It’s saying something that a game like last November’s Skyrim — spiritually descended from the Ultima series in terms of its gonzo world-building — sold something like 10 million copies before year’s end. I don’t have current sales figures, but the PC version has been in the top 10 most-played games on Steam (Steam is required to play the PC version) since launch. I’m pretty sure sales of all the games in the Ultima series combined can’t touch Skyrim‘s numbers, to say nothing of the rest of The Elder Scrolls franchise (which began, interestingly enough, the same year Ultima VIII: Pagan came out).

Sprawling open-world epics where you square off against the computer for dozens if not hundreds of hours on end are far from dead, in other words, to say nothing of all the other “core”-profile games making waves recently, from Diablo III to Guild Wars 2.

So I wouldn’t worry too much about this new NPD Group report circulating, which says the total number of gamers in the U.S. is down, or that within that total, the so-called “core gaming” demographic shrank.

Core gamers account for the lion’s share of game industry sales, and they’re hardly an endangered species. Even NPD calls the core-gaming decline-within-the-overall-decline “slight,” and attributes it to the extra-long life cycle of the current consoles and the rise of smartphones and tablets.

“It’s the revenue contribution of the Core Gamer segment that continues to outpace all other segments, and remains vital to the future of the industry,” says NPD analyst Anita Frazier.

That makes sense for the same reason you see movie ticket sales trending down (though only a bit) since the turn of the century, but overall ticket revenue increasing as fewer moviegoers pay more to keep industry profits rising.

Call of Duty: Black Ops II for the Xbox 360 or PS3 runs anywhere from $60 to $80 and ships on a physical disc, where a game like Call of Duty: Zombies HD costs just $5 on the iPad and you can download it by tapping a button. You’ll find more games on Apple’s App Store at this point than all the games released for every game system since games went electronic. Combine “cheap” (or flat-out free) with “gazillions of choices” and put that on devices people are as likely to have on their person as car keys, purses or wallets, and it’s no wonder there’s some core gaming demographic bleed showing up in surveys.

If anything, the question we ought to be asking is “Why isn’t there more?”

According to the report, “Gamer Segmentation 2012: The New Faces of Gamers,” NPD estimates the total number of people that play games in the U.S. is 211.5 million, or about two-thirds of the population, and that’s down by 12 million compared to 2011, or a 5% decline.

NPD broke people into six demographic groups, including “Core Gamers,” “Family + Kid Gamers,” “Light PC Gamers” and “Avid PC Gamers,” of which only “Mobile Gamers” and “Digital Gamers” saw year-on-year increases. Mobile Gamers now rule the roost, says NPD, slightly ahead of Core Gamers, who topped the survey in 2011. Interestingly, the steepest decline was in Family + Kid Gamers, dropping by 17.4 million (I assume NPD means kid-safe games played as a family, which would make sense if that figure roughly correlates with the Wii’s rise in popularity and subsequent decline).
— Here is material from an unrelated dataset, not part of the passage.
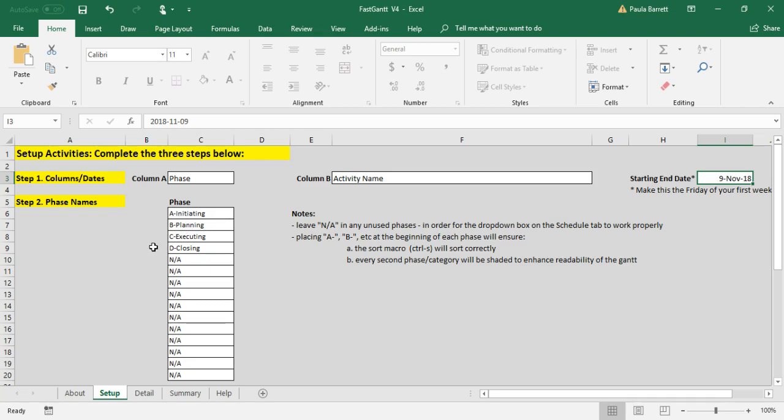You do periodically sort your schedule and this keeps it in order by phase. The second is that there is special formatting done so that every second phase is slightly grayed so that it makes for better readability. Again, only if you use this convention of ABCD with a dash.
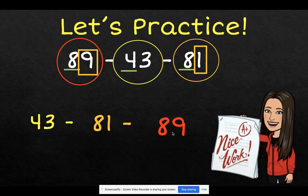Good job, everyone! Now it's time for you to practice on your own with the numbers on your work. Good luck!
Across all physical game sales (new or used), general gamers say they spent $48 on average, and $16 on average for digital games (PCs, consoles, portables combined). By contrast, core gamers reported spending $65 on average — more than any of the other five segments. And of the 14% of total gamers buying downloadable content — up three points from 2011 — core and digital gamers lead the way, accounting for roughly a quarter each of that figure.

I’m assuming economics drives most of this. Almost no one impulse-buys a $60 game they’re going to play for dozens of hours, but I’ve impulse-bought several $0.99 ones on my smartphone — games I maybe play two or three times a year total. That’s part of the industry’s love affair with $0.99 gaming: consumers reaching into e-wallets for stuff they might only play a few times.

I’m not sure any of this tells us much about where the industry’s headed. Something like Angry Birds that goes for $0.99, for all its publicity and growth, has made a fraction of what a game like Call of Duty: Black Ops or Skyrim can rake in. Rovio reported 2011 revenue of $106.3 million total (and a third of that from merchandising and licensing), where Bethesda had done something like $450 million in sales with Skyrim by the 48-hours-after-launch mark alone.

So maybe the percentiles for the kinds of gamers like me who play stuff like Assassin’s Creed, BioShock and Dark Souls are slightly off. But we’re still the big spenders — the “vital” future of the industry, and that’s good enough for me.